Au culte des saints a succédé le culte des seins
 

Le capitalisme post-industriel est hors équilibre : comme le cycliste il avance pour ne pas tomber et tend à tout transformer en marchandises physiques ou immatérielles. Un exemple : le succès des sites de camgirls où n’importe qui peut se dévêtir devant le monde entier en échange de « tokens » via un site comme cam4 qui garde au passage 60 % des sommes données ! Il s’agit d’échanges d’informations : images érotiques « réelles » contre monnaie numérique via un intermédiaire dématérialisé. Est-ce différent du culte des saints ? Ou contre de l’argent on espérait l’intercession ? Ici le paradis est l’orgasme masturbatoire avec intercession d’une icône vivante. Au culte des saints a succédé le culte des seins. Un exemple patent de féminisation contemporaine.

Les motivations des cameuses-cameurs sont un mélange d’appât du gain (contrainte économique) et de curiosité sexuelle (influence culturelle). La plupart apparaissent à visage découvert sous prétexte qu’elles n’ont rien à cacher. Comme si les barrières sociales (proscription de la nudité en public) avaient sautées. N’est-ce pas la philosophie d’origine du libertinage ? Le Kamasutra,le Jardin parfumé ou le Miroir du foutre disent-ils autre chose ? Reste qu’à ces époques ces élites libertines étaient limitées dans l’espace et la communication, or actuellement ces réseaux sont mondialisés par la technique et unifiés par globish.
 

Sur trois générations depuis 1945 (période d’intégration globale) la métasexualité n’a cessé de progresser dans toutes les classes sociales et dans tous les pays. Elle devient un élément de langage et aussi une source d’inspiration dans les actes du quotidien et plus encore comme référence sociale.
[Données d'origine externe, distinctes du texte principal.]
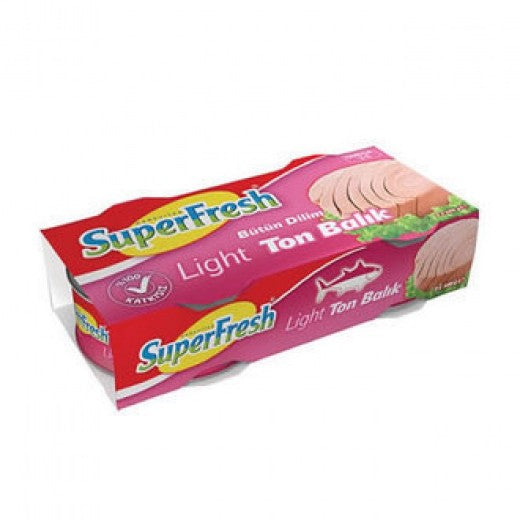 Superfresh Tuna Fish Light , 2X160GR - Aytac Foods Wholesale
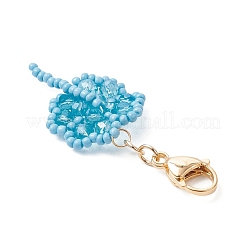 Подвески из бисера ручной работы украшения&nbsp;HJEW-MZ00297-04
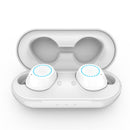 Bakeey TWS Wireless bluetooth 5.0 Earphone Mini Invisible Auto Pairing Bilateral Call Stereo Headphone with Charging Box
Cette situation explique le côté cause-conséquence des références pornographiques grand public que l’on retrouve dans les sites X regardés discrètement, la commande de sextoys en ligne ou la publicité.
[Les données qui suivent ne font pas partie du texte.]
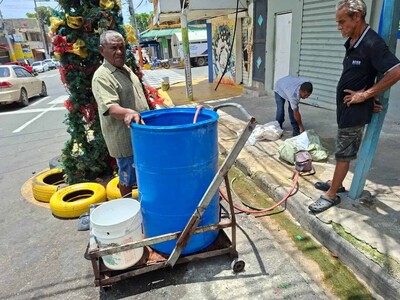 Escasez de agua en la capital: una crisis de gran alcance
Les grandes questions de la vie et de la mort jadis traitées par les monothéismes installés sont à présent prises en charges par laporn cultur, elle décolle d’ailleurs au moment où le christianisme décline comme norme.
– La vie n’aurait d’autre finalité que de jouir jusqu’à ce que le corps ne puisse plus suivre malgré tous les artifices possibles (prothèses, viagra, produits divers, prostitution…) .
– La mort serait reléguée au rang d’échec définitif non assumée et consolée par le fait que la vie a été vécue « jusqu’au bout », carpe diem.
– La place dans la société serait liée à l’argent mais plus encore à la capacité de multiplier les rapports sexuels qui, quintessence de la métasexualité, doivent être rendus publics d’une façon ou d’une autre (blog, biographie sexuelle, exhibitionnisme, échangisme, etc.).